Les avocats n’ignorent que défendre des causes impopulaires, surtout lorsqu’elles sont médiatisées, comporte sont lot de défis. Ce qui est troublant en l’occurrence, c’est que les critiques de Me Henein lui attribuent la stigmatisation des victimes, et qu’ils voient sa conférence comme une chose à freiner, et non comme une occasion de discussion productive.

Il convient de se pencher sur les divergences entre l’opinion que le public a d’une affaire et ce qui se passe vraiment en cour.

L’étudiante a accusé Me Henein d’utiliser des « tactiques manipulatrices qui culpabilisent les victimes », affirmant que l’avocate se montrerait probablement quelque peu sceptique quant au choix de prendre son du temps pour décider de déclarer une agression et qu’elle « creuserait probablement [votre] historique sexuel avant de prendre la décision irréfléchie de [vous] croire ».

Ces allégations sur les croyances personnelles de Me Henein découlent de fausses informations.

Cette dernière n’a questionné les plaignantes ni sur leurs préférences ou antécédents sexuels, ni sur leur consommation de drogue ou d’alcool, ni sur leur tenue lors des événements en question. Elle n’a pas non plus laissé entendre que le fait de ne pas s’être « débattues » ou de ne pas avoir immédiatement avisé la police trahissait leur consentement. Bref, elle n’a pas recouru aux stéréotypes vieux jeu qui rejettent le blâme sur les victimes (on ne puisse pas en dire autant de tous les avocats, ni de tous les juges). Non seulement son contre interrogatoire respectait la lettre et l’esprit des lois canadiennes sur la protection des victimes de viol, mais sous plusieurs aspects, il était un véritable modèle d’efficacité et de professionnalisme.

L’étudiante fonde probablement ses allégations sur des commentaires inexacts glanés dans les médias ou la twittosphère concernant l’affaire Ghomeshi, et non sur sa présence à l’audience ou sa lecture de la transcription du procès. Fait intéressant : les avocats ont rarement l’occasion d’orienter le débat public sur leurs dossiers, mais ce cas fait exception : devenue une figure publique, Me Henein est apparue à l’émission The National à la CBC peu après l’annonce du verdict pour réfuter certaines fausses idées qui ont circulé au sujet du système de justice pénale lors des discussions sur l’affaire. Dans son entrevue, elle a dit être féministe, mais a fait valoir l’importance de la présomption d’innocence ainsi que le besoin de tester la preuve présentée contre un accusé. Peu d’avocats contrediraient ces principes.
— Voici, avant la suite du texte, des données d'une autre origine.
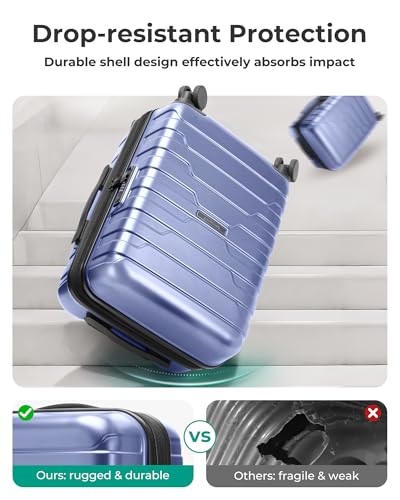 BAGSMART Carry On Luggage 22x14x9 Airline Approved with Spinner Wheels,Lightweight 20 Inch Luggage with TSA Lock,Expandable Hard Shell Carry On Suitcases for Men Women,Slate Blue - color: Slate Blue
L’affaire Ghomeshi a fait beaucoup jaser sur le système de justice, les stéréotypes et préjugés inconscients qui mènent à des jugements regrettables, et les présomptions autour desquelles s’articule la justice pénale. Certains ont parlé de possibles réformes, ce qui coïncide justement avec la nouvelle initiative de l’Ontario visant à fournir une aide juridique bénévole aux plaignants dans des dossiers d’agressions sexuelles afin qu’ils puissent mieux comprendre les complexités d’un système qui, selon beaucoup d’entre eux, ne leur fait pas justice. Bien que de tels dossiers puissent diviser l’opinion publique, c’est l’occasion d’établir le dialogue avec le public sur les réalités du système de justice et d’échanger sur la façon dont il devrait fonctionner.

Certes, le public et les juristes ne voient pas ce système du même œil. Quoi qu'il en soit, empêcher Me Henein de s’adresser aux étudiants universitaires ne donne rien; quand on saisit mal la façon dont s’administre la justice, le dialogue entre juristes et non-juristes doit être encouragé, pas étouffé.